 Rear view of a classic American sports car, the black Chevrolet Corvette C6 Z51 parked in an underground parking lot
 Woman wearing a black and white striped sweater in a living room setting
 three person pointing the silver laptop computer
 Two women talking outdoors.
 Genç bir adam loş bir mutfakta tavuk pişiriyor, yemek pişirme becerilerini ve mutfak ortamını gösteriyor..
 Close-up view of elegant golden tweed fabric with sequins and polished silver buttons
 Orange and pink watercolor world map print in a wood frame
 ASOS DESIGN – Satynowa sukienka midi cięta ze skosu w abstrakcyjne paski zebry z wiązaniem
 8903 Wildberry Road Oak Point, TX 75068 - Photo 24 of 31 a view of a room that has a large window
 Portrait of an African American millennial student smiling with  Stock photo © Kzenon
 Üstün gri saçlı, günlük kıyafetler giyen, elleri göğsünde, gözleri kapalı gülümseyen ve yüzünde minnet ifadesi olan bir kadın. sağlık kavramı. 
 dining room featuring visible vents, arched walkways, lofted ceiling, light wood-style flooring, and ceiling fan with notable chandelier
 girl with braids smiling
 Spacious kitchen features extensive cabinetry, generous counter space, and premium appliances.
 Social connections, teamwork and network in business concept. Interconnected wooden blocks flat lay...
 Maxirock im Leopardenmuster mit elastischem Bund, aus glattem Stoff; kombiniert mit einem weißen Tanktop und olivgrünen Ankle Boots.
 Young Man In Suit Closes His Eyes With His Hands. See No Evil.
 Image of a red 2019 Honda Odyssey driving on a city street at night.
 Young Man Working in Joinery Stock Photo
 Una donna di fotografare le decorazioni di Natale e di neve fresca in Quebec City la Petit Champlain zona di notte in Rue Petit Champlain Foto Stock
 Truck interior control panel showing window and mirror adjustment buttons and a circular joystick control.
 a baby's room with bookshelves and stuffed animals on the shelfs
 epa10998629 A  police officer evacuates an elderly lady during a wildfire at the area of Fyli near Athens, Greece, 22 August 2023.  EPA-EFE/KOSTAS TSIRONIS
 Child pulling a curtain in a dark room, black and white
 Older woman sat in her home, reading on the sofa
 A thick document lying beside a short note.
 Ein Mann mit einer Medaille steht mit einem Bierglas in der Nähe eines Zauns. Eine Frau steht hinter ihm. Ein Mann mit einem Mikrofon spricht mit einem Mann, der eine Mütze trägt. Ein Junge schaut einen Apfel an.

**WORK REQUEST**
Retype every line of the listing, word for word, from its opening line to the line that holds "ASOS DESIGN –", and include that last line too.

**RESULT BELOW**
 Rear view of a classic American sports car, the black Chevrolet Corvette C6 Z51 parked in an underground parking lot
 Woman wearing a black and white striped sweater in a living room setting
 three person pointing the silver laptop computer
 Two women talking outdoors.
 Genç bir adam loş bir mutfakta tavuk pişiriyor, yemek pişirme becerilerini ve mutfak ortamını gösteriyor..
 Close-up view of elegant golden tweed fabric with sequins and polished silver buttons
 Orange and pink watercolor world map print in a wood frame
 ASOS DESIGN – Satynowa sukienka midi cięta ze skosu w abstrakcyjne paski zebry z wiązaniem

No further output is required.